In Ghana, police assault journalist, seize his equipment

Abuja, June 15, 2012–Authorities in Ghana must investigate the assault on a journalist by police while covering a police raid in Ho, the capital of Ghana’s Volta region, and bring the perpetrators to justice, the Committee to Protect Journalists said today.

Victor Kwawukume, who reports for the state-owned Daily Graphic and is the regional chairman of the Ghana Journalists Association, was attacked by four unidentified police officers on June 10 as he covered a raid in Ho in which police arrested suspected criminals and drug peddlers, according to news reports. Kwawukume said he verbally identified himself as a journalist, but the officers attacked him, violently hitting him on the head and seizing his camera, the reports said.

Kwawukume told CPJ that the police beat him with their fists. He also said his camera was returned to him after he was forced to delete the pictures he had taken.

“We condemn the police’s brutality on Victor Kwawukume and the seizure of his camera as he was doing his job,” said CPJ Africa Advocacy Coordinator Mohamed Keita from New York. “We call on Ghanaian authorities to take swift action to hold the officers to account.”

Cephas Arthur, a police spokesman, told CPJ he did not have details of the incident, but Yakubu Hamza, a commanding officer at the police department, told CPJ they had received a formal complaint but would not comment because it was an ongoing investigation. Ghana’s information minister, Fritz Baffour, told CPJ that the government would be launching an investigation.

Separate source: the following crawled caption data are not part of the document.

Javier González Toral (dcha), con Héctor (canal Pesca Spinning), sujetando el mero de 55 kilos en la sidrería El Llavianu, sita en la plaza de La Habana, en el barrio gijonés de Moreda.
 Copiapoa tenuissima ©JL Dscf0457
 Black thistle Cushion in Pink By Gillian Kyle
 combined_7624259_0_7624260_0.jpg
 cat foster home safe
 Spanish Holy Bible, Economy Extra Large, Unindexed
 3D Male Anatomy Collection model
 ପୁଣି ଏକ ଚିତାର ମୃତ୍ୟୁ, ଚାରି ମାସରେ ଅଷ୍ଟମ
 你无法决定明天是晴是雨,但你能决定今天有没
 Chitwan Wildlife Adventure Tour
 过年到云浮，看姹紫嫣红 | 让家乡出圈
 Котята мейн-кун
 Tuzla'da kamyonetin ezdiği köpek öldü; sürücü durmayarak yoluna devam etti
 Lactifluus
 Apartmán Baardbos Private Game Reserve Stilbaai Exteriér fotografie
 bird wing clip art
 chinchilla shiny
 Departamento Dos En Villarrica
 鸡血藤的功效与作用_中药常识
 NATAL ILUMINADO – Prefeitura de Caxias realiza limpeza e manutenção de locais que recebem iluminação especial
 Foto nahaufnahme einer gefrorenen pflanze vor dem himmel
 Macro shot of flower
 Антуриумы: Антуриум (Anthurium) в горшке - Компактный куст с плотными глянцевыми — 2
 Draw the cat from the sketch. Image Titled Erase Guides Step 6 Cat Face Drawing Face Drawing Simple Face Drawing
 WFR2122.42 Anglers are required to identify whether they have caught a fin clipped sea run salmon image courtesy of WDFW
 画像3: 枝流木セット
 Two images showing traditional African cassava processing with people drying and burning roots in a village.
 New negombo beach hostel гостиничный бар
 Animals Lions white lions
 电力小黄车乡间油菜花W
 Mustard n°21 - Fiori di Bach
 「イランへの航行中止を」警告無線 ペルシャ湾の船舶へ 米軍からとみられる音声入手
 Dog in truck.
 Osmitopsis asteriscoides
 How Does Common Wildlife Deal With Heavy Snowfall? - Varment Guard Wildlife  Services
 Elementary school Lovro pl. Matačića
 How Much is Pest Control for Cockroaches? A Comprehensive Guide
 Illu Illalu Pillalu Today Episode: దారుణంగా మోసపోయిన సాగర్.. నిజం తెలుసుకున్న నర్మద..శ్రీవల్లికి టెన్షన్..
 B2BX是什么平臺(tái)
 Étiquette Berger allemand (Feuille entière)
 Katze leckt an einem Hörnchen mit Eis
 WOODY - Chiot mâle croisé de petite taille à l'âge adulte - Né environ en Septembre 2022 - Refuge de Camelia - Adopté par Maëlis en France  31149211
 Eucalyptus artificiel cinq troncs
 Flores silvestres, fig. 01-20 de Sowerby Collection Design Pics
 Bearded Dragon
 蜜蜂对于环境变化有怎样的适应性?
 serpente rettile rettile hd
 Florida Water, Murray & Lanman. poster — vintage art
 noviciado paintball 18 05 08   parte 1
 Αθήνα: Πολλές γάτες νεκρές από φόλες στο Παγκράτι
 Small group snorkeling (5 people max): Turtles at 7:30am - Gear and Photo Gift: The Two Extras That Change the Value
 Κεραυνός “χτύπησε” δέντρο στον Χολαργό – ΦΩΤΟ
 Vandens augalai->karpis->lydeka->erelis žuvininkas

The Volta regional branch of the Ghana Journalists Association has petitioned the Regional Security Council, which includes representatives of the military and police, among other security agencies, to look into the case. Kwawukume told CPJ that the Association said that if the perpetrators were not brought to justice in two weeks, it would stop reporting on all police activities in the region.